Nachdem ich ihn am nächsten Tag heil in das Hotel in Siegen zurückgebracht hatte, bedankte er sich bei mir und schenkte mir sein Brieftaschenschachspiel aus argentinischem Leder. Dieses ließ ich mir signieren und es ist noch heute in meinem Besitz.

Mit Norbert Rauch habe ich schon sein Jahrzehnten keinen Kontakt mehr (er hatte sich vom Schach ganz zurückgezogen und war Zahnarzt geworden), aber es ist schön, dass er die Unterlagen so lange aufbewahrt hat.

Günther Langhanke am Brett gegen Fischer (2. Spieler von rechts, 1.e4 c5 2.Sf3 a6 ist geschehen)

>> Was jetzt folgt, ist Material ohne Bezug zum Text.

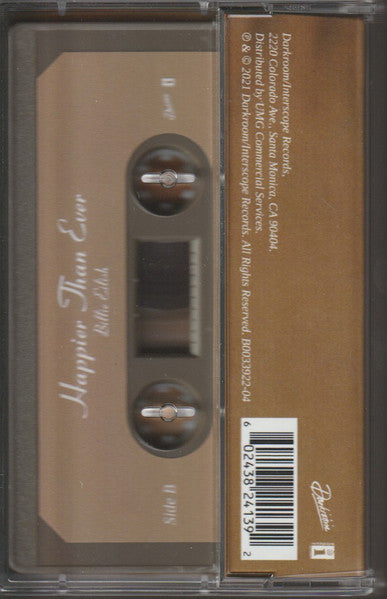 Image of Back Cover of Cassette - NEW/NEW - BILLIE EILISH, Happier Than Ever (Interscope Records; B0033922-04, UK 2021, J-Card, Indie Exclusive Brown Shell), ,  - 3516546C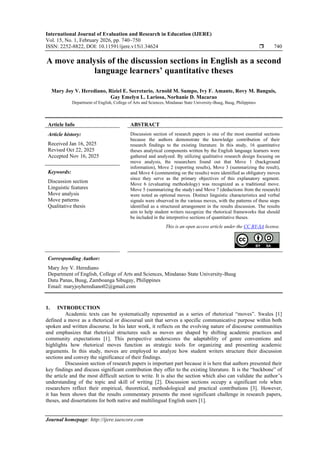 A move analysis of the discussion sections in English as a second ...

Ich füge hier die Kopie des Originals meiner Partie mit der korrekten Zugfolge bei, Fischer hat nämlich sehr wohl im 22. Zug Lg4 gespielt. 

In meiner Partie hat Fischer die Qualität einfach eingestellt. Ich ging davon aus, dass er weiterspielen würde, aber nach meinem nächsten Zug reichte er mir die Hand und gab die Partie auf. Das war seine einzige erkennbare Reaktion, vielleicht wollte er sich mehr den anderen Partien widmen

Alle Partien zum Nachspielen (mit Korrektur):

 

 

Günther Langhanke heute

Zusätzlich lege ich noch eine Kopie meines Artikels aus einer Schrift zum dritten Internationalen Blitzturnier des SC Caissa Münster im Juni 1971 bei.

 


Günther Langhanke spielt seit seinem zehnten Lebensjahr Schach, war bei Caissa Münster aktiv und danach beim SK Münster, dort mit der Mannschaft in der NRW-Liga und in der viergeteilten Bundesliga. Seit 1978 spielte er beim SC Klein-Berlin Rheine. Günther Langhanke war 1970 bei der Schacholympiade in Siegen als Helfer dabei und hatte das Glück, bei einem Simultan bei Caissa Münster gegen Robert Fischer spielen zu dürfen - und konnte den späteren Weltmeister sogar schlagen.